Political distraction: The run-up to the September 2014 Scottish referendum effectively took Britain strategically off-line for two full years. Had the Scots voted to quit the UK London would still today be mired in squabbles about the minutiae of disengagement and independence that would still be distracting London from big strategy. These squabbles would also have created deep mistrust between the English and Scots that no amount of political blandishments could have hidden. If Britain votes for Brexit not only will London and Brussels also become mired in an extremely complex set of negotiations it will caused rancour between Britain and others at a time when Europeans must together face major crises.

Solidarity: The other day I was standing in the snow not far from the Russian border in Lithuania. I had already begun to shift my position on Brexit in the wake of the November 2015 Paris massacre and in the face of the challenges posed by Russia, Islamic State, and the migration crisis, none of which existed in 2010. Today, I simply think it inconceivable for Britain to be distracted or indeed to distract others from dealing with a set of challenges that could all too easily become existential. Indeed, in the final analysis my need to stand firmly with my Baltic and French friends, and indeed my Greek, Italian and other under pressure European friends, outweighs my concerns about the future governance of Europe and Britain’s place therein.  My fear is that Brexit could critically undermine all-important strategic unity of effort and purpose and in turn damage NATO and wider transatlantic security relationship at a critical moment.

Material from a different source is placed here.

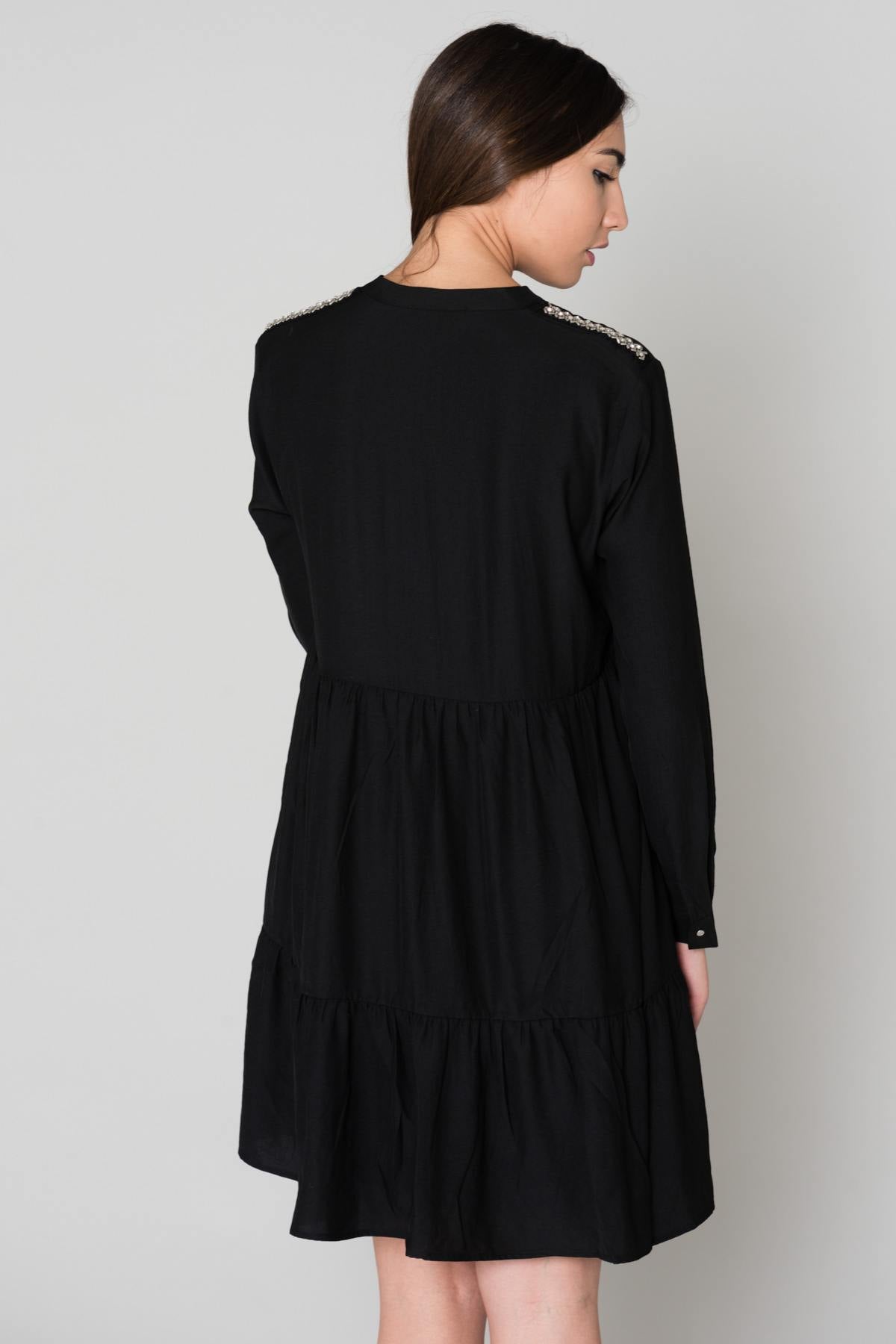 Black polyester dress - Image n°5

There is one final reason why I will not be voting for Brexit. Britain does not quit. Throughout Britain’s history London has never run away from a fight over who controls Europe. It is simply of too great importance to Britain. Phillip II of Spain, Louis XIV, Napoleon, Kaiser Bill and Hitler were all seen off because England and then Britain stood firm.  Therefore, precisely because Europeans today face serious dangers from without Europe and serious question within Europe I believe it vital Britain stand firm and stand tall to deal with them. As Britain has always done and I hope always will.

To sum up, I am rejecting Brexit precisely because Europe is in crisis. The decision I have made is a big one and a part of me really dislikes the decision I have made. Moreover, I have absolutely no doubt that once over the stress of break-up my old, great country possessed of the world’s fifth biggest economy, and a top five military, could and would flourish. Equally, I am also fully aware that I am gambling on Britain’s future. It may well be that the moment the British people vote to remain in the EU Brussels will seek to tear up the agreement and behave as if nothing had happened to challenge their cherished goal of a European super-state. However, I am also willing to bet for all the reasons I have outlined above that is not going to happen.

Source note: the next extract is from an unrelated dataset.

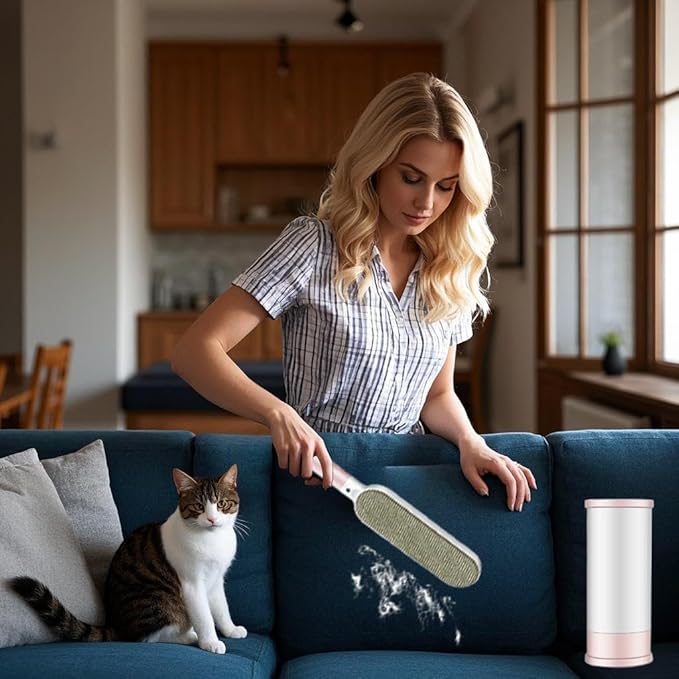 Lint Brushes for Clothes, Cat Dog Hair Remover for Lundary, Self-Cleaning Lint Remover for Bed Sofa Coat, Best Hair Cleaning Brushes Better Than Lint Roller (Large Pink)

What really matters is that my important decision is a decision arrived at freely by a free-born Englishman. Henceforth, I will fight in all and any way I can to ensure the EU is properly reformed so that my birth right is protected. No-one has got to me, I have not lost my political nerve, nor am I seeking to assuage political masters as I have none, nor do I seek to gain opportunistically from this decision. However, on balance (and it is on balance) I am now of the opinion that if Britain really wants to reform the EU it must stay within it and fight for it.